There is no cookbook to be made about the right kinds of steps. Some guidelines:
- In most cases, people are too much inclined towards supervised options. That may be most of all related to how consciousness evolutionarily evolved, in a natural search for modularity, then conceptualization. So, in most cases, try to relax supervision. In A.I., we see an exaggeration of supervised learning and a profound admonition from G. Hinton, for instance, to put the efforts much more in unsupervised learning. According to him, here lies the future of A.I. Note that our previous point of supervised/unsupervised is also acknowledged by Hinton.
- Towards humans, see yourself not as the one who uses instruments, but as the instrument itself ― for instance, in leadership or coaching. From deep to deep, associations are most proficient. In A.I., this translates into using much more parameters, fewer cycles of training. Handcrafting very many parameters may be pretty labor-intensive, which leads to a preference for unsupervised learning.
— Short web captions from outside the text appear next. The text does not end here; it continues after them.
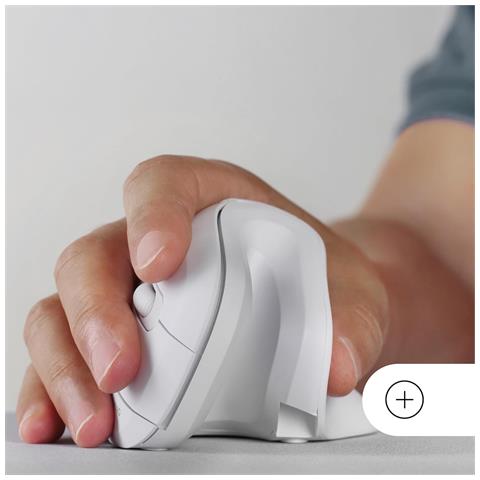 Marsgaming Mars Gaming Mmw-ergopro Bianco, Mouse Ergonomico Verticale Senza Fili, Design Piegato, Sensore Ottico 3200dpi, Interruttori Huano, Ricevitore Wireless 2.4ghz, Supporto Multi-piattaforma - Foto 2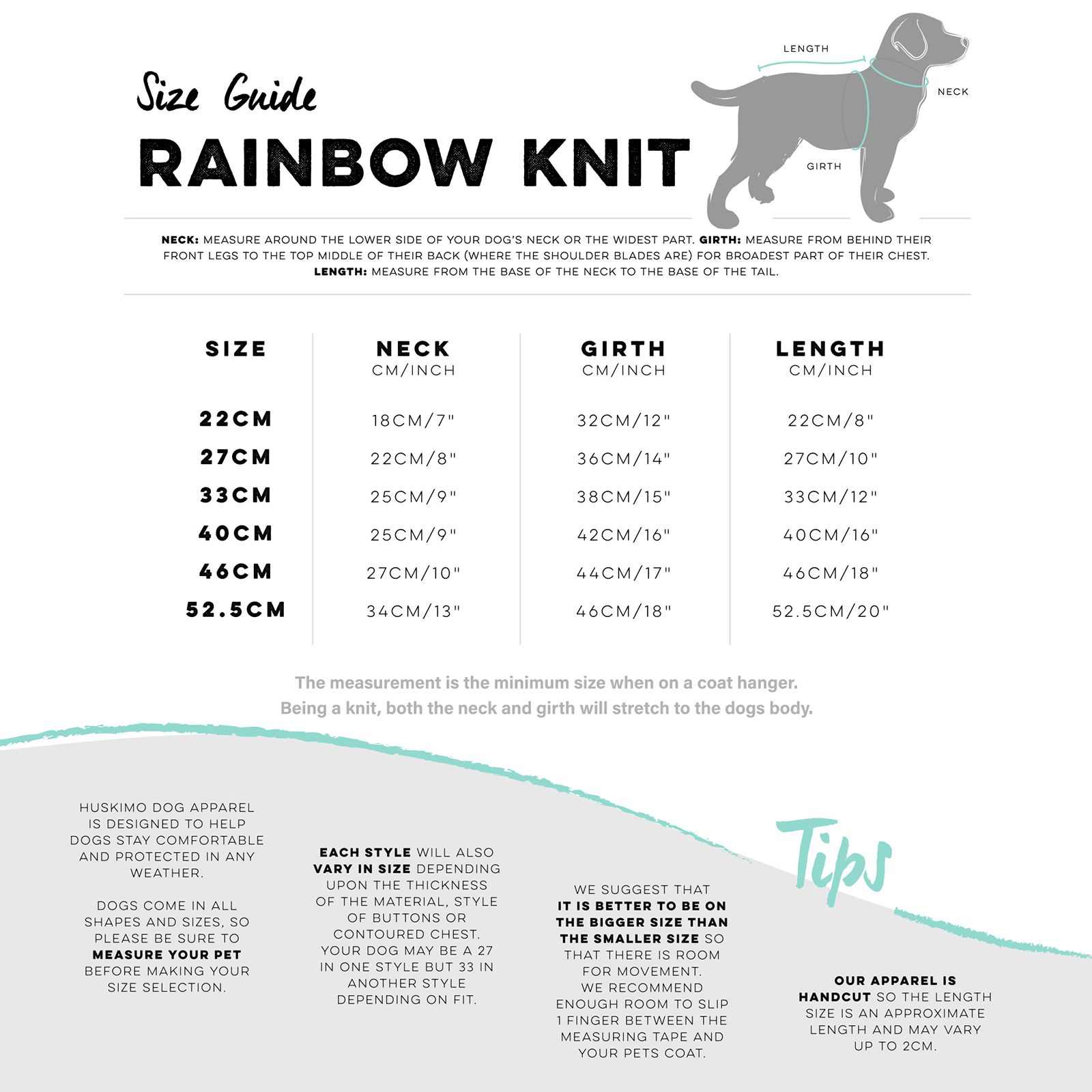 Huskimo Dog Coat Rainbow Jumper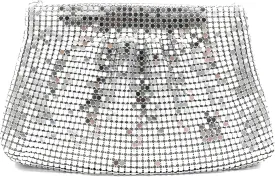 Women's Evening Clutches Metal Mesh Party Purse Bag(Mini,Purple)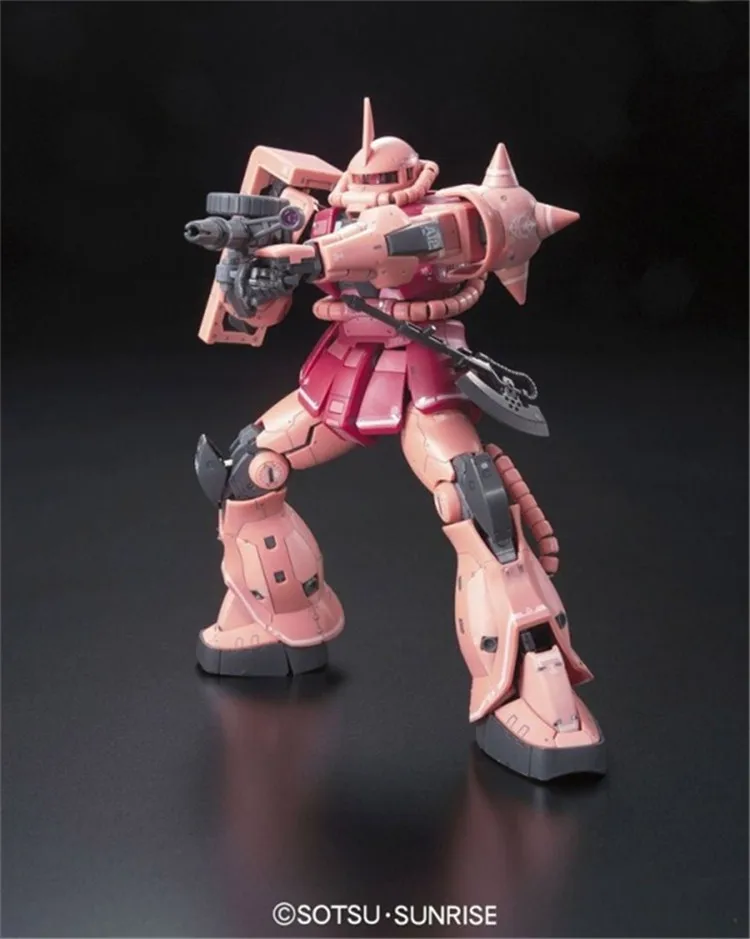 Bandai Gundam RG 1/144 MS 06S Zaku II мобильный костюм сборки модель Наборы фигурки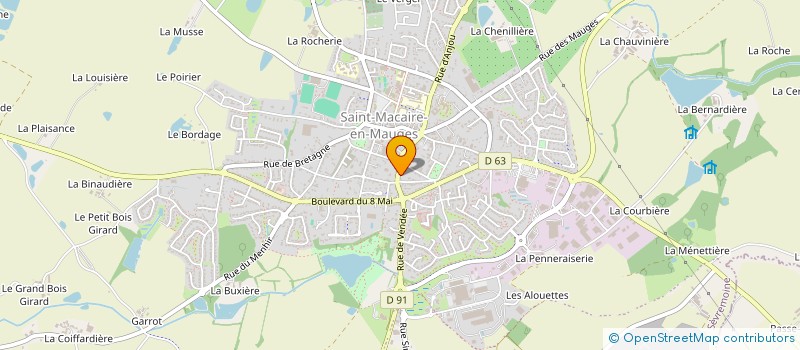 localisation de l'entreprise LE JARDIN FACILE  TREMENTINES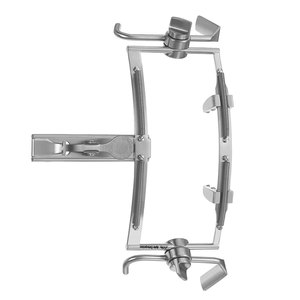 Retractor Bucal Dingman de Acero Inoxidable de Alta Calidad para Procedimientos Orales y Maxilofaciales, Ajustable - Product Image 3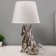 Table lamp "Puppy" E14 40W silver 22.526x41cm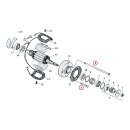 GW, generator mount kit. Chrome. Allen head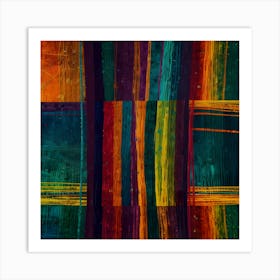 Vibrant Chaos Intersection Art Print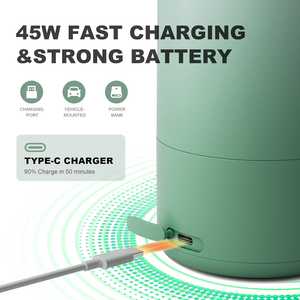 Babyvoeding Reisfleswarmer USB Oplaadbaar Draagbare Babymelkwarmer Draagbare Fleswarmer Babywaterwarmer voor <span class=keywords><strong>Baby</strong></span> - Product Image 2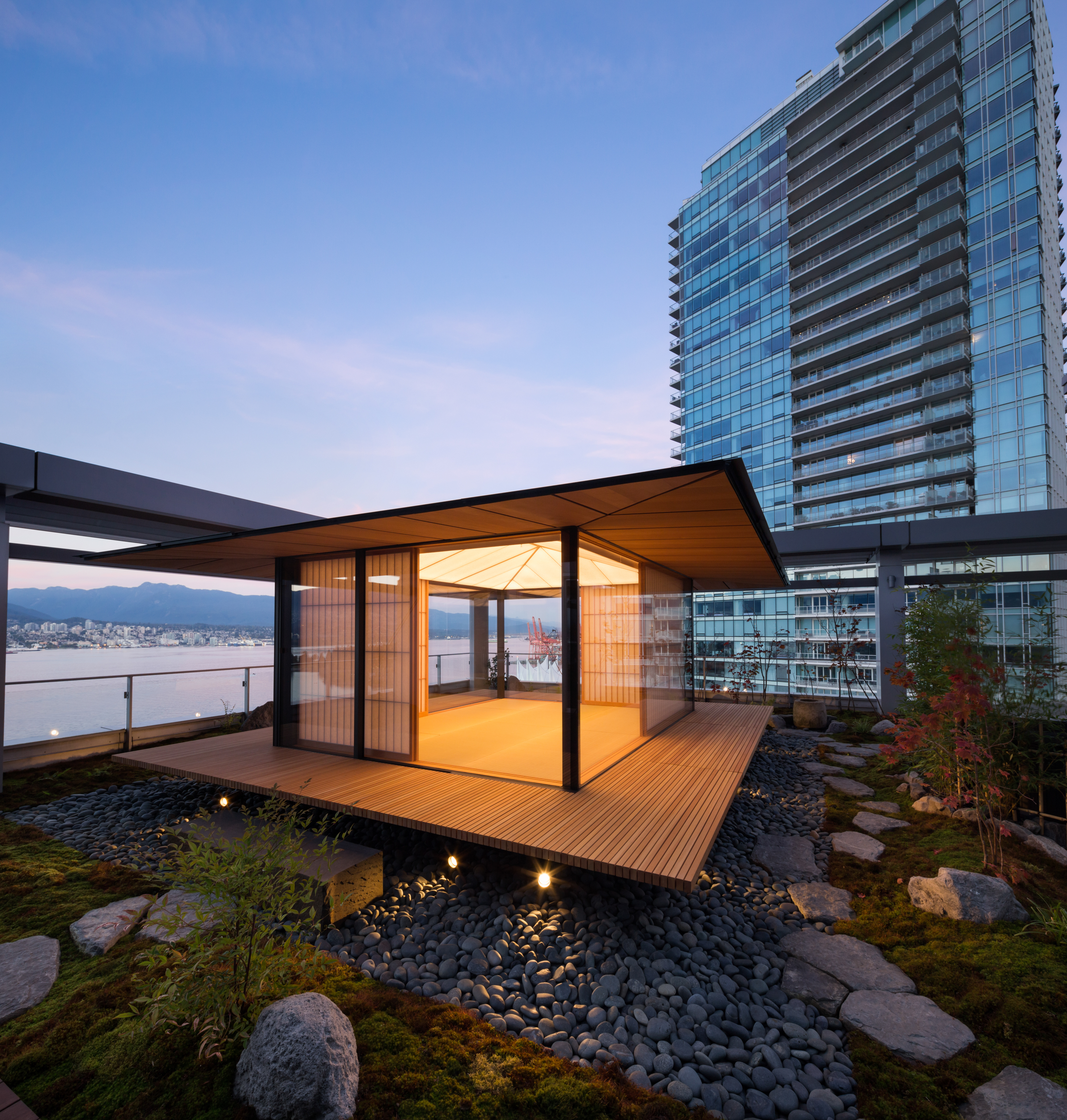 Teahouse in Coal Harbour by Kengo Kuma and Associates Architizer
- Look not only at a superficial level for optimal levers. In coaching, this is ’empathy beyond.’ In A.I., this translates into a search for different levels between bottom-up and top-down, and a choice for the most promising one at short and long term.
- A yes-attitude is best in most cases. Try to find a level of depth at which the ‘yes’ is the right answer to the question you want to pose. In A.I., this is the very basis for the success of present-day Deep Neural Nets: their not getting stuck in local minima because of their multidimensional gradients in which there is always an optimal ‘yes gradient’ to be found.
Unfortunately, people are stuck on the idea that “it needs to be done.” That way, much learning is made much more difficult from the start. The learner gets demotivated ― as does the teacher. It goes from worse to terrible.
Much learning is on the nonconscious, subconceptual level, such as learning to quit smoking. This is associational as well. It can be transformational. Preferably, the patterns used are deep-level ones for the learning to be person-oriented, with huge advantages and effects also at the physical level. [see: “Autosuggestion Changes Your Brain“]
Suggestion is not merely informational, nor is it coercion, but a ‘touching of deeper patterns.’ You see the pattern level coming through, and the associational aspect within the ‘touching.’ It’s an invitation, an opening of doors for whom wants to go through them, and a showing that it’s OK, also why it’s OK.
In the end, it’s a special kind of associational learning.
To me, autosuggestion is but a language that one can use in many ways towards change of mind/brain patterns. AURELIS stands for a profoundly ethical and efficient way for many. By itself, the ‘auto’-part is ethical already: You do it yourself, from inside out.
This way, AURELIS is naturally growth-oriented.
(*) Probably the best is Reinforcement Learning – An Introduction, sec. ed. by Richard S. Sutton and Andrew G. Barto (2018). Please be motivated before you buy it. It’s a heavy ‘introduction.’